Cabaret de curiosités
Terre d'accueil
Chaque année en mars, le Phénix de Valenciennes nous rappelle que la curiosité est un divin défaut. Temps fort de la saison de cette Scène nationale, ce festival aborde une question de société à travers le prisme du théâtre, de la danse, du cinéma… Baptisée Exil.exit, cette édition aborde le complexe sujet des migrations contemporaines.
A l’heure où l’Europe est confrontée à l’une des plus graves crises de son histoire, se montrant incapable de bâtir une politique d’accueil digne de ses principes, le Cabaret de curiosités met les pieds dans le plat. Mais que peut l’art ? « Provoquer un électrochoc, ou en tout cas l’empathie, avance Romaric Daurier, le directeur de la scène nationale valenciennoise – lui même enfant d’immigrés espagnols. Il ne s’agit pas d’apporter des réponses mais de varier les points de vue, s’extraire du traitement purement médiatique pour laisser la parole aux artistes ».
Le bout du tunnel
Parmi les 14 propositions réparties dans 9 lieux, citons As far as my fingertips take me. Imaginée par la Libanaise Tania El Khoury, cette performance organise la rencontre aveugle et sensible entre un réfugié et un spectateur. Assis sur une chaise et affublé d’un casque, celui-ci est invité à passer son bras à travers un mur. De l’autre côté, Basel Zaraa y dessine au henné son périple de la Palestine à la Syrie, puis de la Syrie vers l’Europe, tandis que sa voix résonne en musique dans les écouteurs… « Ce qu’il a vécu s’inscrit dans votre chair, instaurant un dialogue d’individu à individu ». Une formule propice à la compréhension de l’autre, à l’image de l’adaptation par Guy Cassiers de La Petite fille de Monsieur Linh de Philippe Claudel, rendez-vous phare de ce Cabaret de curiosités.
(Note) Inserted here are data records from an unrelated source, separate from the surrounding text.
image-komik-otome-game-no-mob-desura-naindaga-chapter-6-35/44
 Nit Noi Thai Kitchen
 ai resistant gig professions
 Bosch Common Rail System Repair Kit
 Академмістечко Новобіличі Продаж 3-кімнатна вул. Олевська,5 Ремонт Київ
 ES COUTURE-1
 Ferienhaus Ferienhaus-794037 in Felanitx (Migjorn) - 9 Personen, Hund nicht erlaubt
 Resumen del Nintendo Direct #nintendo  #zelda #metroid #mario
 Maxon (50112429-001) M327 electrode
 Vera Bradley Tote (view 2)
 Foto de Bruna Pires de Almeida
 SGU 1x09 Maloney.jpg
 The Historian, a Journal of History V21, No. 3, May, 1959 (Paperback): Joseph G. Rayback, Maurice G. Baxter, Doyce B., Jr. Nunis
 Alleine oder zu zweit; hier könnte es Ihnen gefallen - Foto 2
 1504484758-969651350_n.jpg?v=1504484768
Tout comme 1993, l’autre temps fort de cette édition. Fruit de la collaboration entre le metteur en scène Julien Gosselin (2666, Les Particules élémentaires) et l’écrivain Aurélien Bellanger (L’Aménagement du territoire) cette pièce chorale mêle chants, danse, vidéos et Eurodance. Elle narre les promesses trahies du Vieux Continent à travers la construction de deux de ses tunnels : celui de la Manche et celui du Cern, l’accélérateur à particules situé à la frontière franco-suisse. « Soit deux modèles qui symbolisaient le progrès technologique d’une Europe mondialisée, où les flux de personnes et de marchandises pouvaient circuler librement… Le spectacle confronte cet idéal avec la situation actuelle à Calais, où l’on est passé d’un pont entre plusieurs pays à un entonnoir où s’échouent les réfugiés… »
La danse de l’espoir
Pour autant, il y a encore des raisons d’espérer, en allant voir ce qui se trame ailleurs dans le monde, à Taïwan par exemple, « terre d’accueil pour nombre de communautés asiatiques, où les migrations sont perçues comme un phénomène d’enrichissement de la société ». Comme le montre la chorégraphie de River Lin, 20 min for The 20 century, but asian, dans laquelle il revisite l’histoire de la danse en Asie en moins de 20 minutes, interrogeant son héritage et sa diversité. Une question de point de vue…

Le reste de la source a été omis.